The neighborhood sits on the southeastern edge of the city, sun-drenched on the days when the rest of San Francisco is fogged in, with long sight lines toward the bay. It's been a working-class district for generations — Black families who bought in decades ago, AAPI households more recently arrived, a mix of light industrial lots and modest homes on the same block. The longtime owners are visible in the way longtime owners always are: the house with the good fence, the garden that takes up the whole parkway strip.
People who've moved here with young kids describe something specific about the vibe — friendlier than expected, less volatile than some more-trafficked neighborhoods closer to downtown. One former resident who lived on Van Dyke for several years before buying in Oakland said the weekends were genuinely quiet, which was the part that surprised her.
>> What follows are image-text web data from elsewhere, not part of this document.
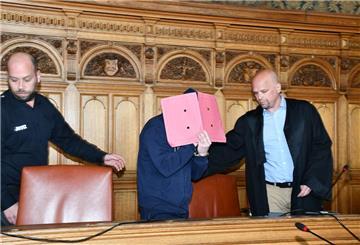 Angeklagter wird mit Mappe vorm Gesicht zum Platz geführt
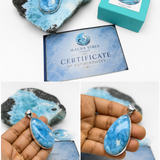 A collage showing a blue stone pendant with a silver bezel, displayed on a blue-and-black mineral specimen, next to a turquoise branded box and a certificate card. Two inset photos show a hand holding the pendant for scale and detail.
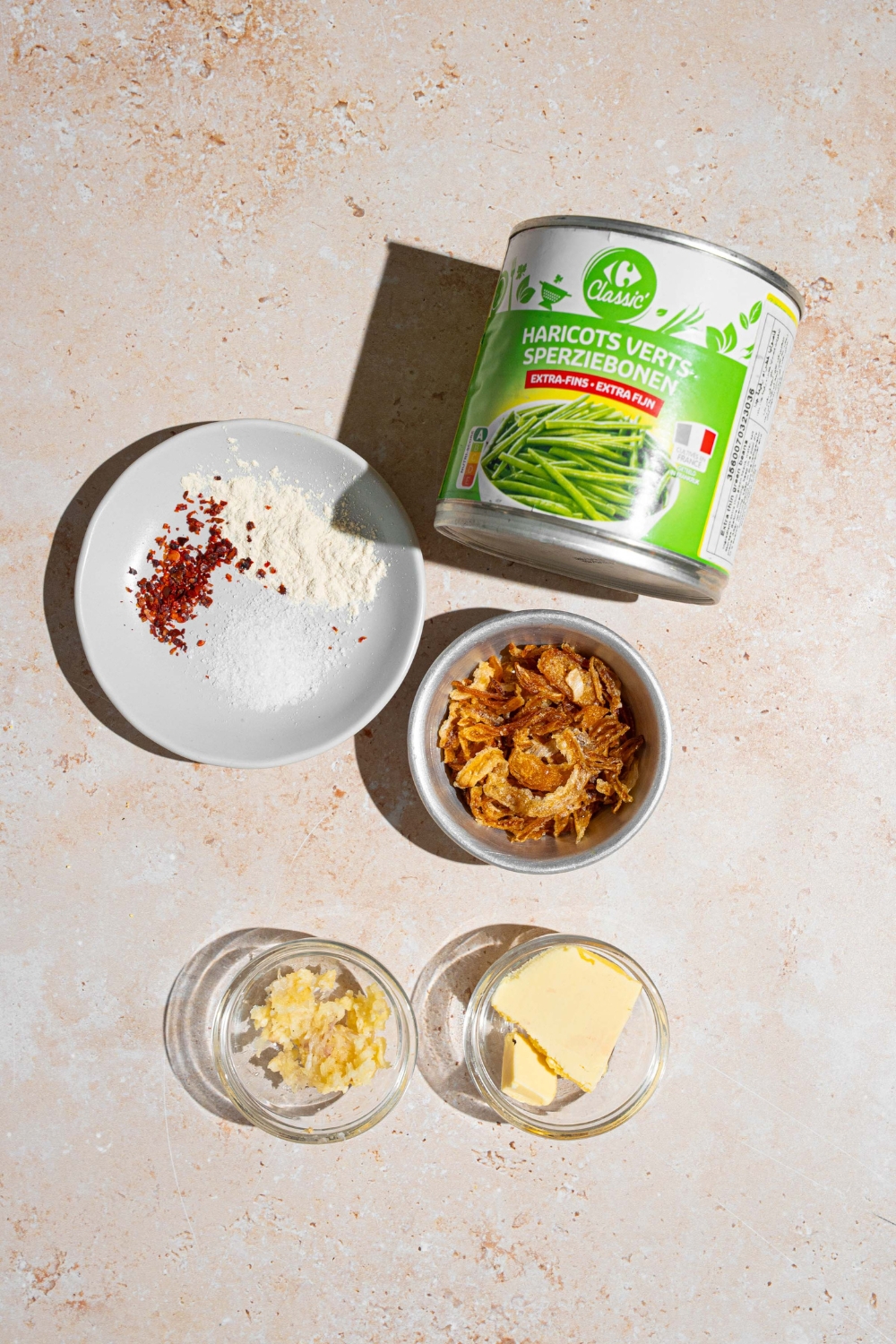 An overhead shot of several bowls in various sizes containing ingredients to make canned green beans including a can of green beans, butter, garlic, red pepper flakes, and seasonings.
Another said she walked her infant around without a car for years and only moved when school logistics made it necessary. "If we'd had a garage," she noted, with the particular wistfulness of a transit calculation that almost went the other way.
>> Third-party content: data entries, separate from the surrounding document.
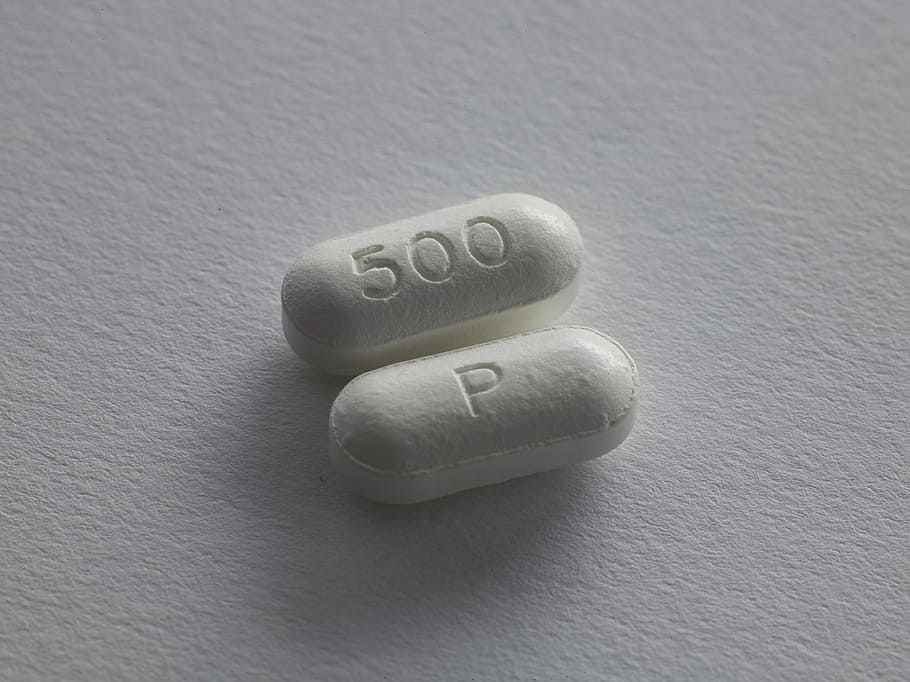 two white tablets, two white caplets, dose, pill, medicine, text HD wallpaper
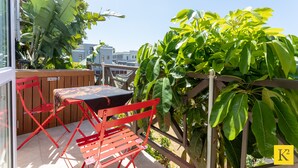 Un patio al aire libre con una mesa y sillas, rodeado de exuberante vegetación y vistas a edificios en el fondo.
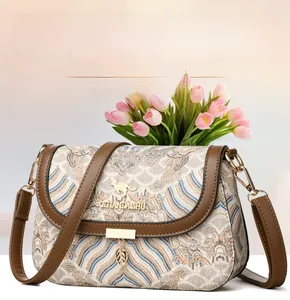 Detail view of ethnic cloud pattern fabric and golden kangaroo logo on brown crossbody bag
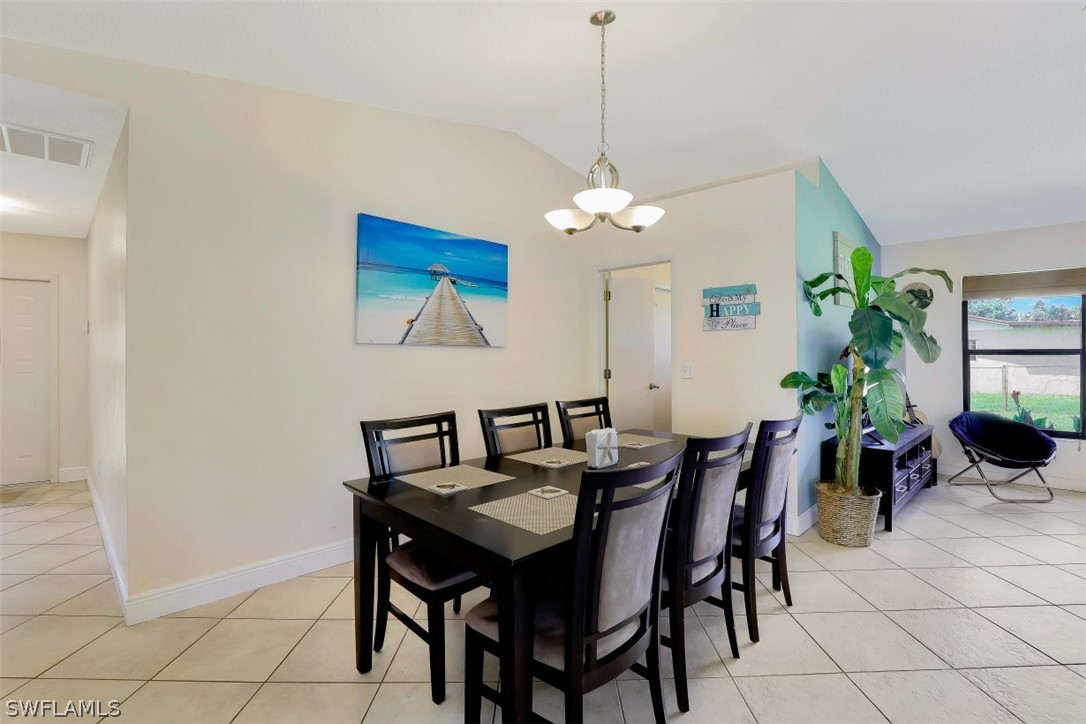 18507 Evergreen Road Fort Myers, FL 33967 - Photo 14 of 33 a view of a dining room with furniture and chandelier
All Good Pizza on Third Street is where people point newcomers, along with a handful of other spots that have been threading into what was, until recently, a genuine food desert. Some of that is filling in — slowly, and not in the direction of the kinds of openings that get covered in the food press.
The reputation for drug activity hasn't fully lifted, though residents who've been here through various phases say the character of it was always different from the Tenderloin's compressed volatility. Recent months have brought more visible enforcement along some of the commercial corridors.
Someone walking down Van Dyke tomorrow would notice the tightness of the parking, the mix of garage doors and front stoops, and the particular quiet of a neighborhood that hasn't yet become a destination.